Collocation
This module includes:
1. Collocation analysis
-
As introduced in the concordance section, analyzing word sequences reveals how language is naturally used. This connects to collocations (i.e., word pairs or phrases that frequently occur together) often captured using n-grams, or contiguous sequences of n words.
-
Studying collocations via n-gram analysis helps to (1) assess native-like fluency (e.g., make a decision vs. do a decision, which one sounds more natural?) and (2) extract informative n-grams for language modeling and information retrieval.
-
To build this function, simlar to what we did for the concordance analysis, we can break down the analysis in the following steps:
- Tokenize the text
- Generate word frequency across the entire corpus
- Generate word frequency within contexts
- Calculate association strength between word pairs using statistical measures (e.g., Mutual information [MI])
▷ Tokenize
We will use an improved version of the tokenize() function that handles a more comprehensive set of punctuation marks and normalizes whitespace. In addition, we will implement a lemmatize() function using spaCy, which leverages part-of-speech information for more accurate lemmatization.
# setup (one-time)
!pip install spacy
!python -m spacy download en_core_web_sm
import spacy
nlp = spacy.load("en_core_web_sm")
def tokenize_and_lemmatize(text):
# Normalize line breaks and tabs
text = text.replace("\n", " ").replace("\t", " ").replace("\r", " ")
# Process the text with spaCy
doc = nlp(text.lower())
# Return lemmatized tokens (excluding whitespace tokens)
return [token.lemma_ for token in doc if not token.is_space]
text = "Cats are running! They're chasing mice."
lemmas = tokenize_and_lemmatize(text)
print("Lemmas:", lemmas) # → ['cat', 'be', 'run', '!', 'they', 'be', 'chase', 'mouse', '.']
▷ Calculate frequency
In the previous module, we built a simple frequency function that created a new dictionary and counted the occurrences of each word. In this tutorial, we’ll slightly modify that approach by defining a function that updates an existing frequency dictionary rather than creating a new one.
def freq_update(tok_list, freq_dict):
for token in tok_list:
if token not in freq_dict:
freq_dict[token] = 1
else:
freq_dict[token] += 1
It works like this:
sampd = {"a" : 1}
print(sampd) # → {"a" : 1}
samp_list = ["a","b"] #new list of items
freq_update(samp_list,sampd) #update dictioary based on the new list
print(sampd) # → {'a': 2, 'b': 1}
▷ Calculate context frequency
Now, we will combine the tokenize_and_lemmatize()
and freq_update()
functions with parts of the concord()
and concord_regex()
function from the previous module to create a single function: context_freq()
.
This function will calculate:
- Frequency of each target word (or pattern)

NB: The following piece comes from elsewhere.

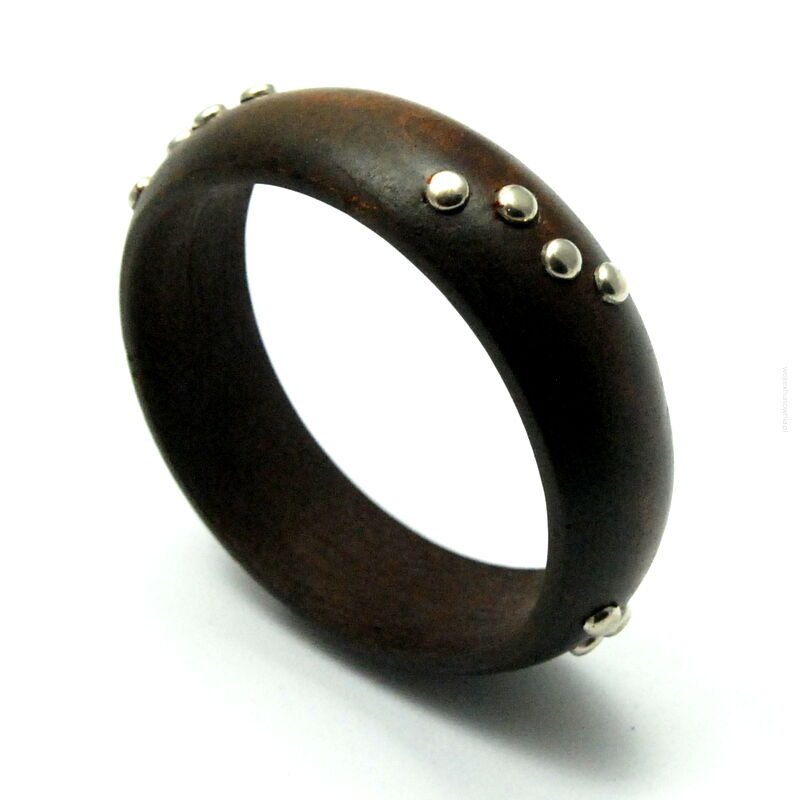 BRANSOLETKI DREWNIANE BRĄZOWE 2 SZTUKI                                                                    (2875 SAM)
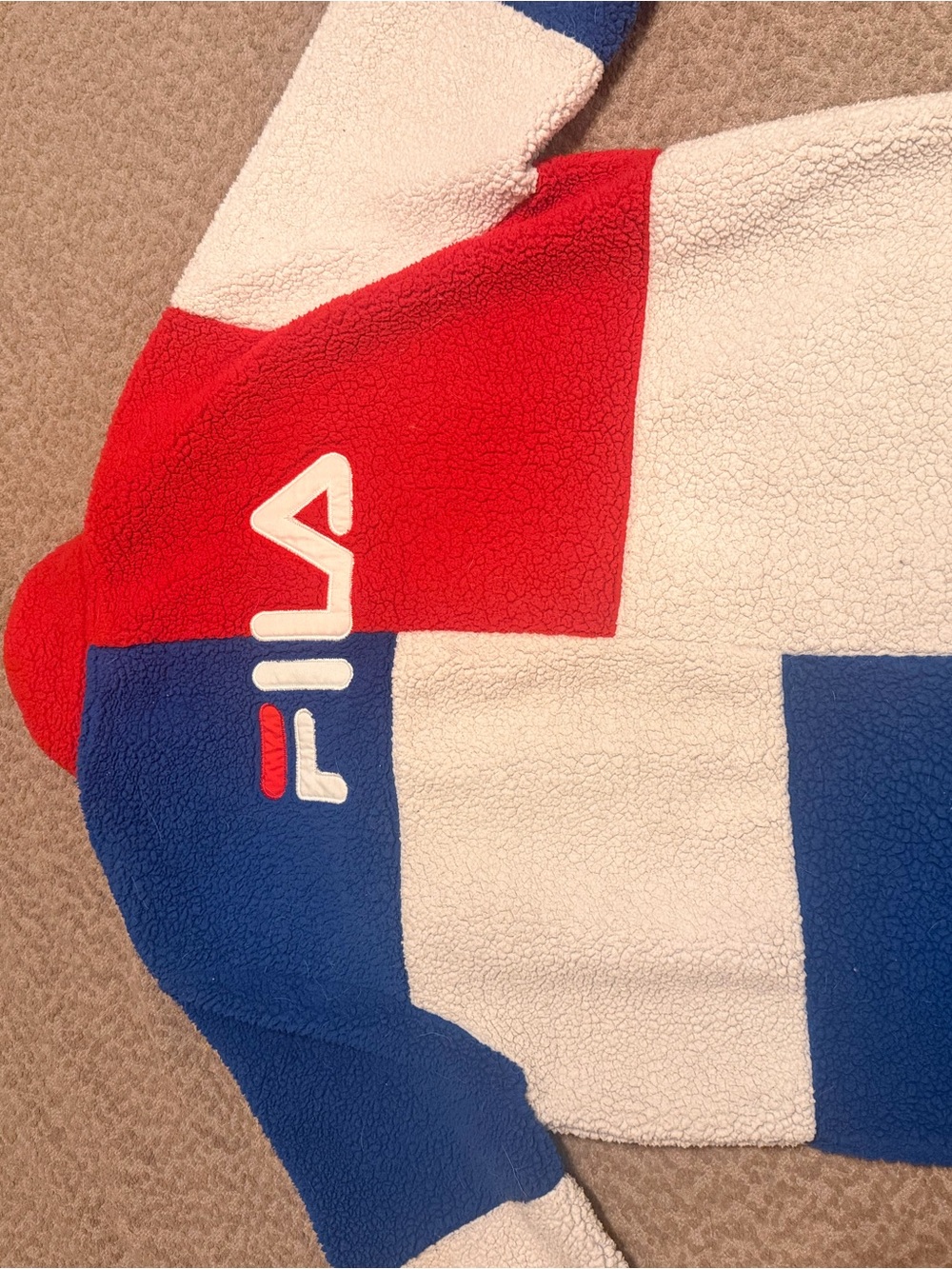 Fila Men's Colorblock Sherpa Crewneck Jacket in Red, Blue and White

- Frequency of left and right collocates
- Combined collocate frequency
- Full corpus word frequency
We’ll use Python’s built-in type()
function to check whether the target is a string or a list.
import re
def context_freq(tok_list, target, nleft=10, nright=10):
left_freq = {}
right_freq = {}
combined_freq = {}
target_freq = {}
corp_freq = {}
for idx, token in enumerate(tok_list):
# Update overall corpus frequency
freq_update([token], corp_freq)
# Check if token matches target
hit = False
if isinstance(target, str) and re.compile(target).match(token):
hit = True
elif isinstance(target, list) and token in target:
hit = True
if hit:
# Left context
left = tok_list[max(0, idx - nleft):idx]
freq_update(left, left_freq)
freq_update(left, combined_freq)
# Target word
freq_update([token], target_freq)
# Right context
right = tok_list[idx + 1:idx + nright + 1]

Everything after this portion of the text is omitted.